═════ Exercise data ═════

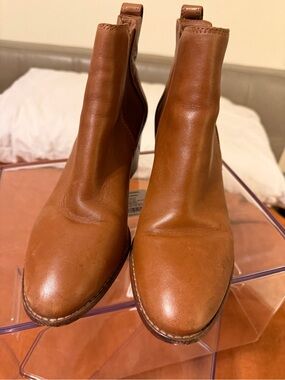 Madewell Leather Chelsea Booties in Cognac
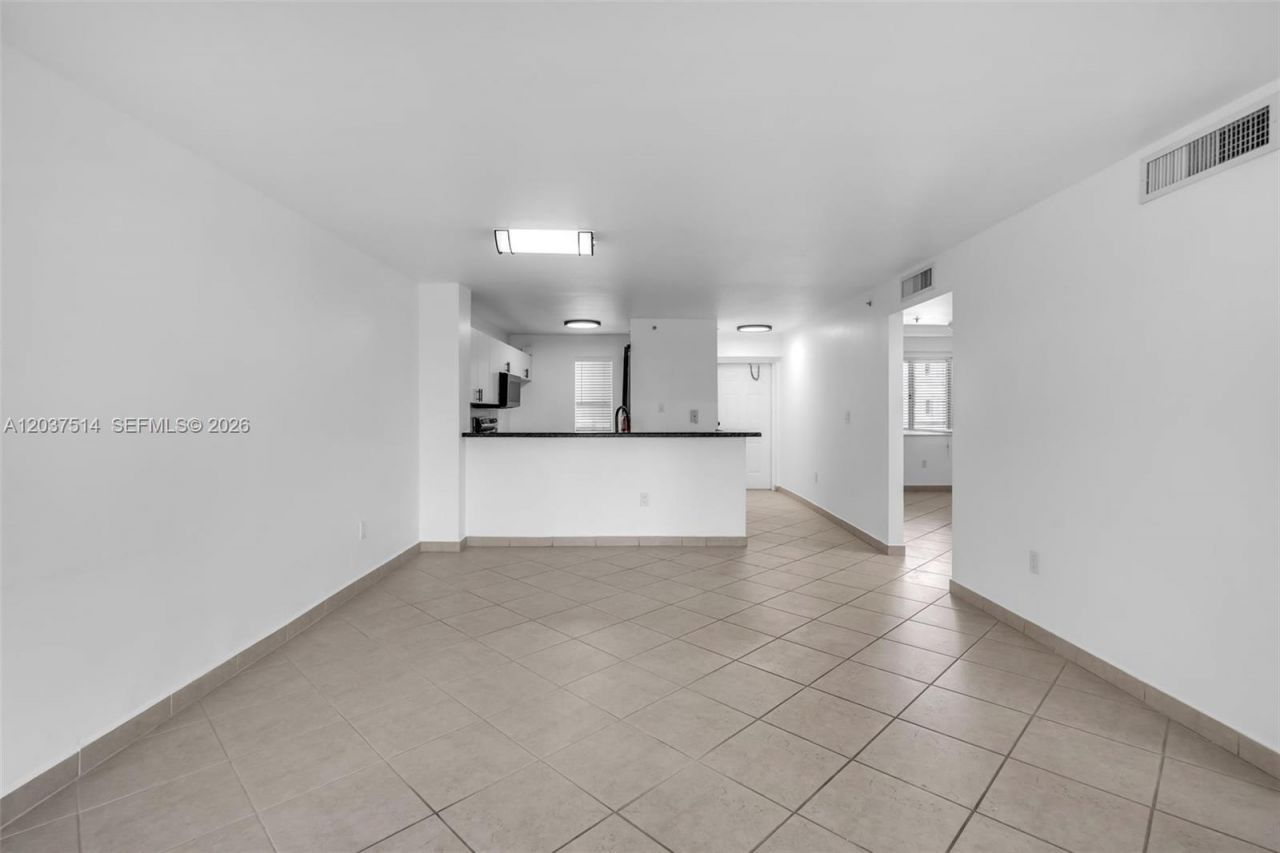 1401 Bay Rd , Unit 409, Miami Beach, FL 33139 Photo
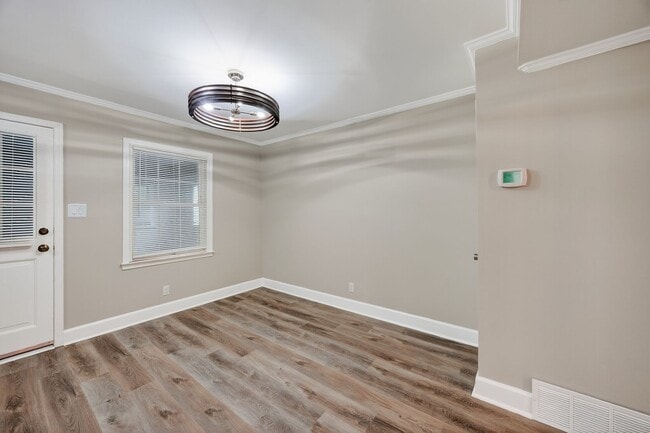 Building Photo - Two bedroom townhome in prime location!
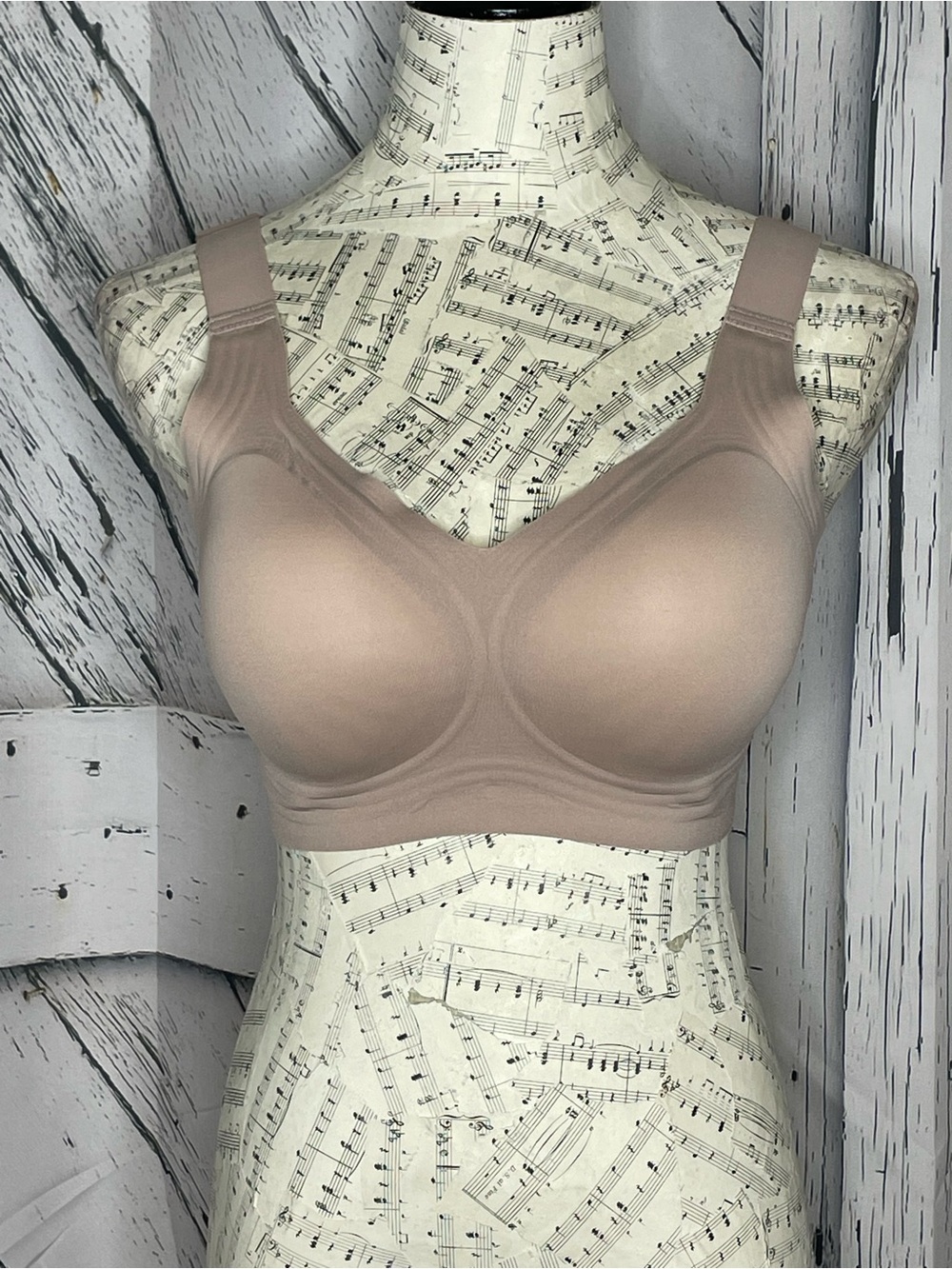 Jelly Wireless Bra in Soft Beige Seamless Comfort Size M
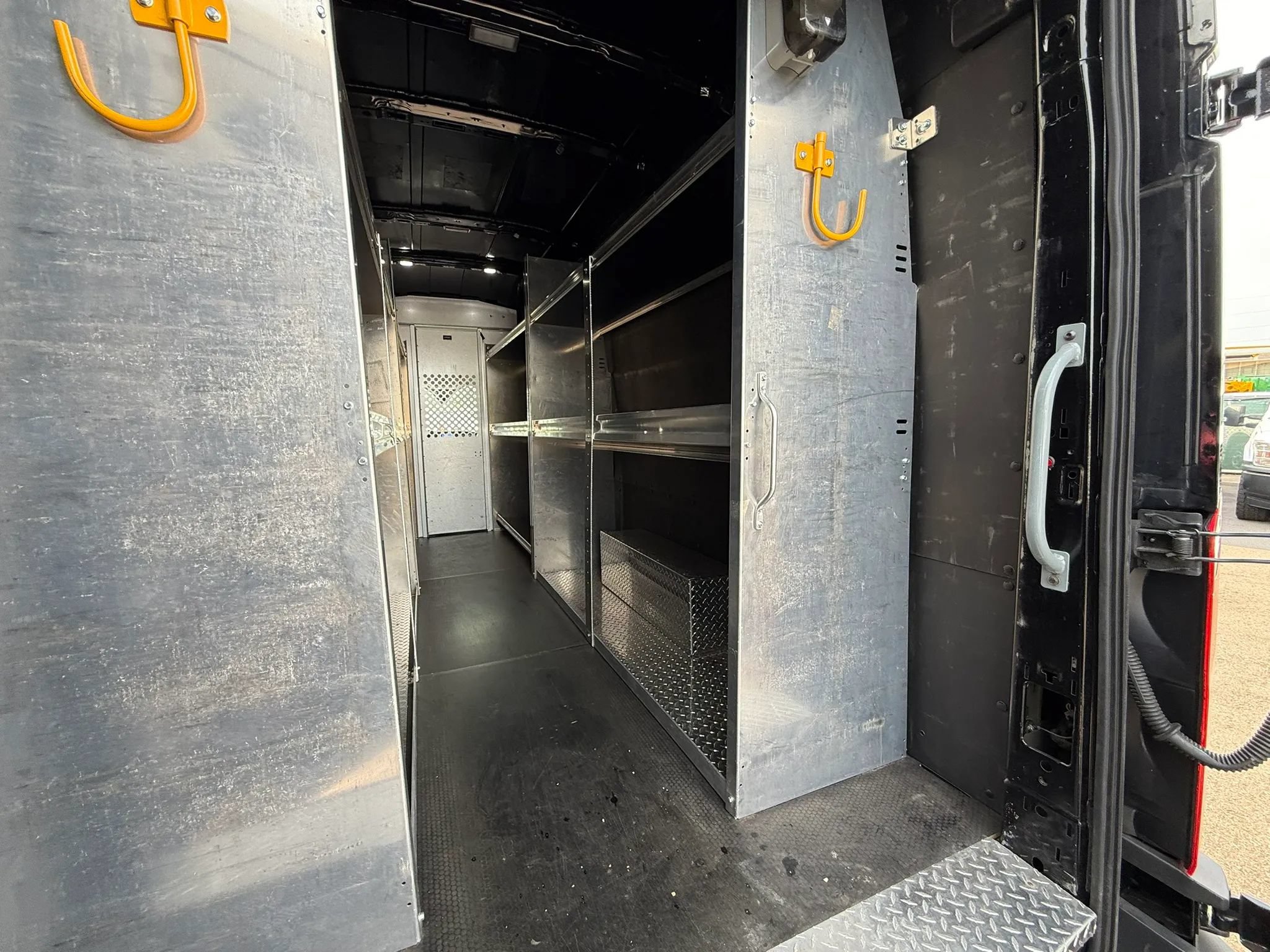 Used 2022 Ford Transit 250 148 High Roof Extended w/ Load Area Protection Package RWD image 17
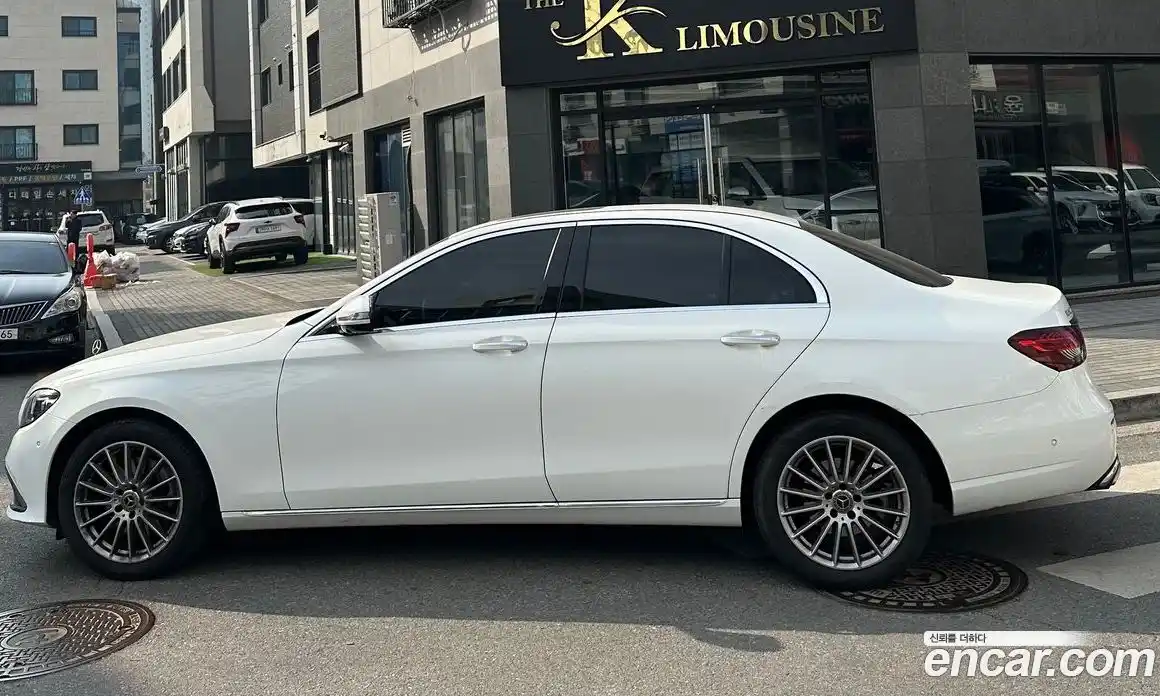 Mercedes-Benz E-Class 2023 2.0 Автомат в Москве № 722174, фото 3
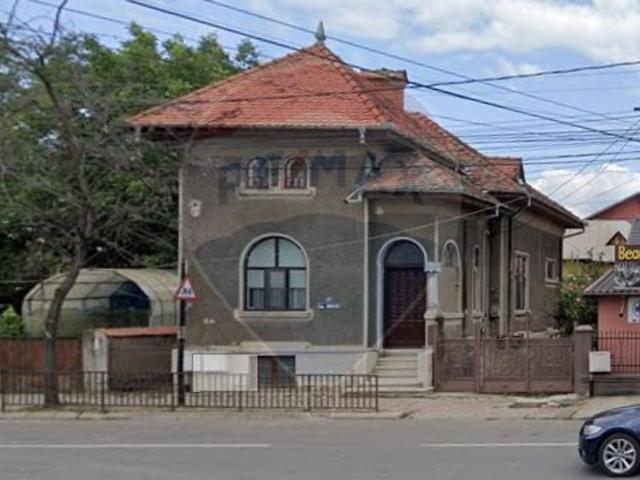 Apartament 4 camere vanzare in casă / vilă Dambovita, Targoviste, Ultracentral vezi locația pe hartă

═════

◆ **Task requirements**
Each entry shown above must be quoted exactly, with its pictures left out.

◆ **Response to the exercise**
 Madewell Leather Chelsea Booties in Cognac
 1401 Bay Rd , Unit 409, Miami Beach, FL 33139 Photo
 Building Photo - Two bedroom townhome in prime location!
 Jelly Wireless Bra in Soft Beige Seamless Comfort Size M
 Used 2022 Ford Transit 250 148 High Roof Extended w/ Load Area Protection Package RWD image 17
 Mercedes-Benz E-Class 2023 2.0 Автомат в Москве № 722174, фото 3
 Apartament 4 camere vanzare in casă / vilă Dambovita, Targoviste, Ultracentral vezi locația pe hartă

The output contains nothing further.